But the Trump administration has been threatening to leave the council for at least a year over the organization’s focus on Israel’s human rights violations. According to NPR, Haley gave a speech a year ago where she told the council that if it didn’t do what Trump wanted and overlook Israel’s misdeeds, then the U.S. would withdraw. Over the last year, the U.N. Human Rights Council remained silent about Venezuela’s human rights abuses and allowed the Democratic Republic of the Congo to join the council despite its long history of human rights issues. Kenneth Roth, executive director of Human Rights Watch, told NPR that Trump’s obsession with Israel has distracted government officials from the progress the U.N. council has made. “The U.N. Human Rights Council has played an important role in such countries as North Korea, Syria, Myanmar and South Sudan,” he explained. “But all Trump seems to care about is defending Israel.”

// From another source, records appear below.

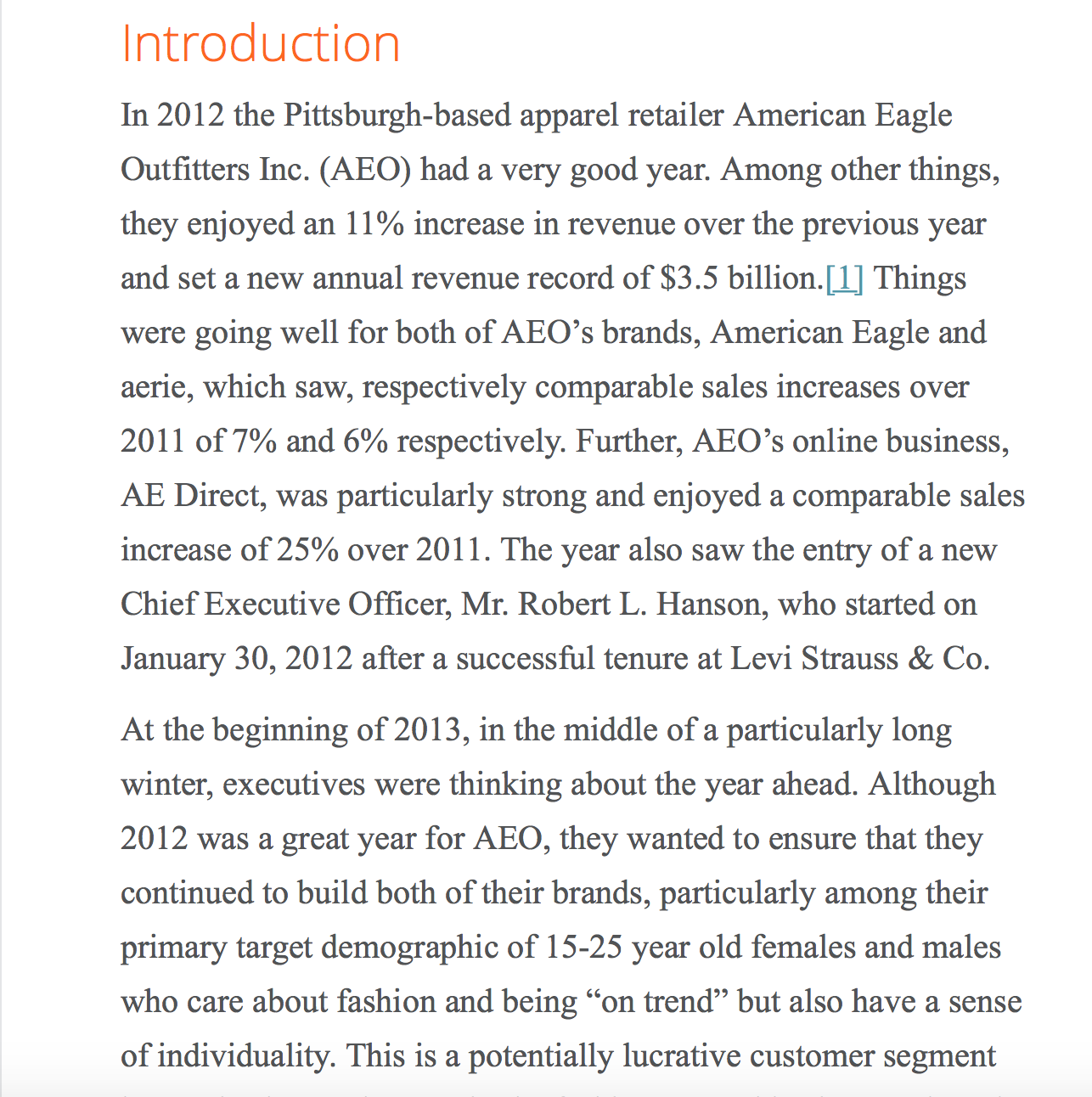 answer the questions. 2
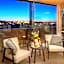 Wenceslas Hotel & Apartments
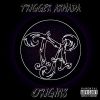 Download track One Way To Hell
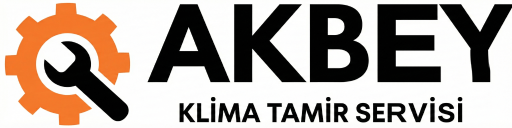 cropped akbey_logo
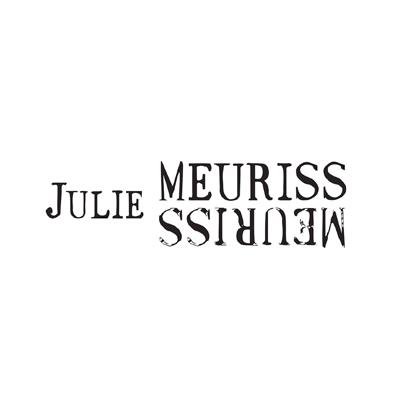 Julie Meuriss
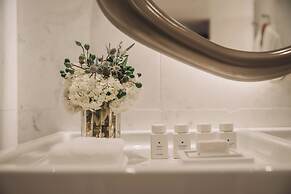 Hotel Fasano Rio de Janeiro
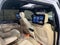2024 Cadillac Escalade 4WD Premium Luxury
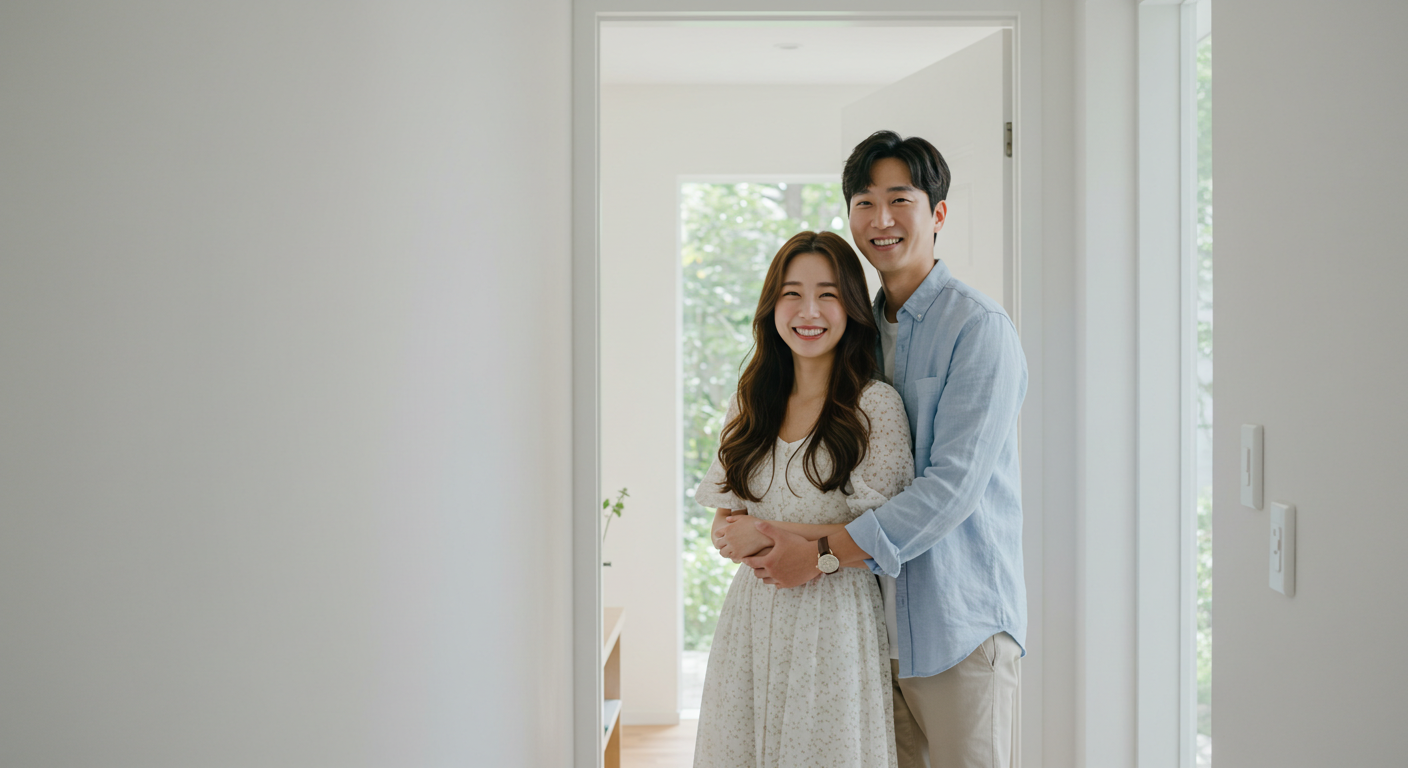 전세자금대출 금리비교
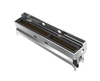 Overpass - Mini Cool Edge IO - G42V14312HR - Amphenol Communications Solutions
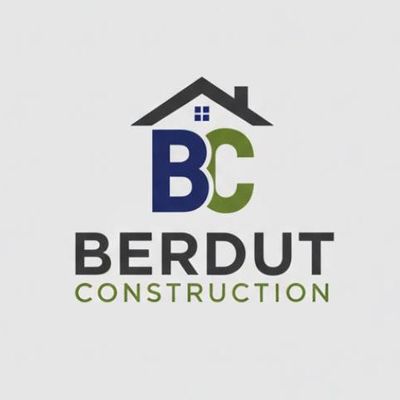 Avatar for Ernesto Damian Berdut Ricardo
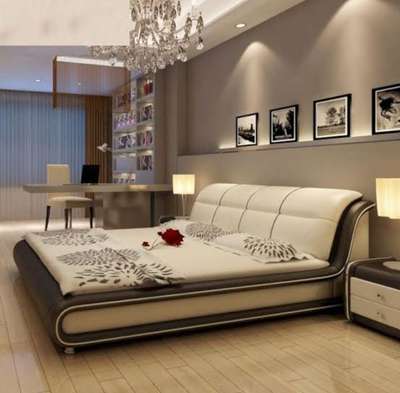 modern VIP bedroom 👌👌👌🤗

Plus, it’s not like Trump or his administration are the first American politicians to criticize the council. Obama and his team had similar issues with the council. Ultimately they joined because U.S. ambassador to the U.N. Susan Rice said they felt that “working from within, we can make the council a more effective forum to promote and protect human rights.” This is why Trump and his administration are being criticized for their decision to withdraw. “The UN Human Rights Council has always been a problem,” Rep. Eliot Engel, the ranking Democratic member of the House Committee on Foreign Affairs, told reporters. “But the way to deal with this challenge is to remain engaged and work with partners to push for change. By withdrawing from the council, we lose our leverage and allow the council’s bad actors to follow their worst impulses unchecked — including running roughshod over Israel.”